On Monday, with the release of the opening statement of Alexander Vindman, the top Ukraine expert on Trump’s National Security Council, to the House Intelligence Committee, in which he declared that he “did not think it was proper to demand that a foreign government investigate a U.S. citizen, and was worried about the implications for the U.S. government’s bi-partisan support of Ukraine,” former Congressman Sean Duffy (R-Wis.) joined Fox & Friends Trumpers in trashing the foreign service officer (and lieutenant colonel in the Army), who fled Ukraine with his father and twin brother when he was 3 years old, served several overseas tours as a U.S. infantry officer, and received a Purple Heart after he was wounded in Iraq: “It seems very clear that he is incredibly concerned about Ukrainian defense,” Duffy proclaimed. “I don’t know that he’s concerned about American policy… We all have an affinity to our homeland where we came from… He has an affinity for the Ukraine.”
Alas, it may not be true that Republicans have nowhere to go but up.
Following the House vote to lay out impeachment procedures on Thursday, Republican members of Congress — to say nothing of American voters — may find process arguments less compelling. In any event, President Trump has suggested they “go into the details of the case rather than process. Process is good, but I think you ought to look at the case.”
If they do, one wonders, will they acknowledge, at least tacitly, that the evidence of a quid pro quo is overwhelming?
If past is prologue, Republicans may well double-down on the lousy hand their president has dealt them.
That said, Republican members of Congress whose re-election is in doubt, I suspect, will join the growing number of their colleagues who have announced their retirement and choose the only plausible strategy left to them.
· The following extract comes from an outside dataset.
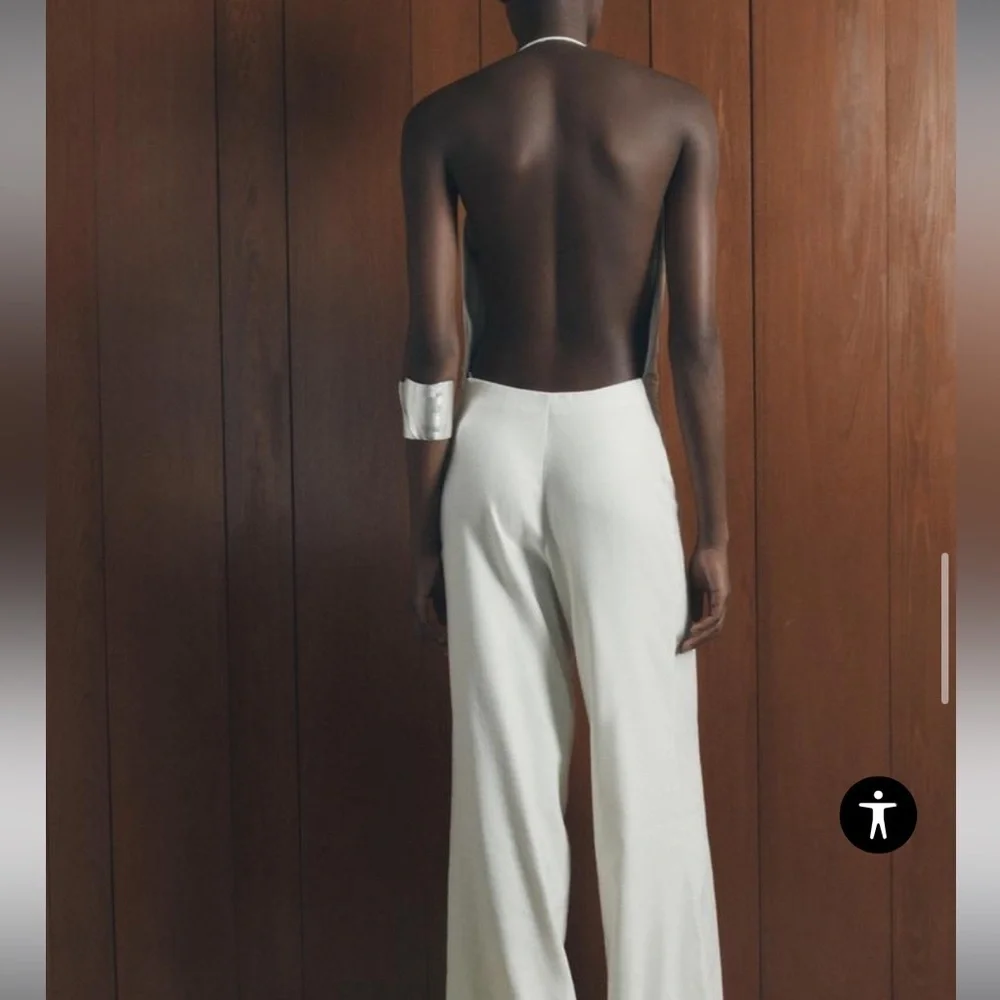 Zara NWT Linen Blend Halter Backless Wide Leg Jumpsuit Ivory Small 1058/031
What the president did was wrong, they will say, probably softly and off-camera, and then declare that the offense is not impeachable. In any event, they will add, the voters should decide whether Donald Trump should have a second term.
The rest will keep their fingers crossed and hope against hope that more shoes — or even heavier objects — don’t drop before November.
Glenn C. Altschuler is the Thomas and Dorothy Litwin Professor of American Studies at Cornell University. He is the co-author (with Stuart Blumin) of Rude Republic: Americans and Their Politics in the Nineteenth Century.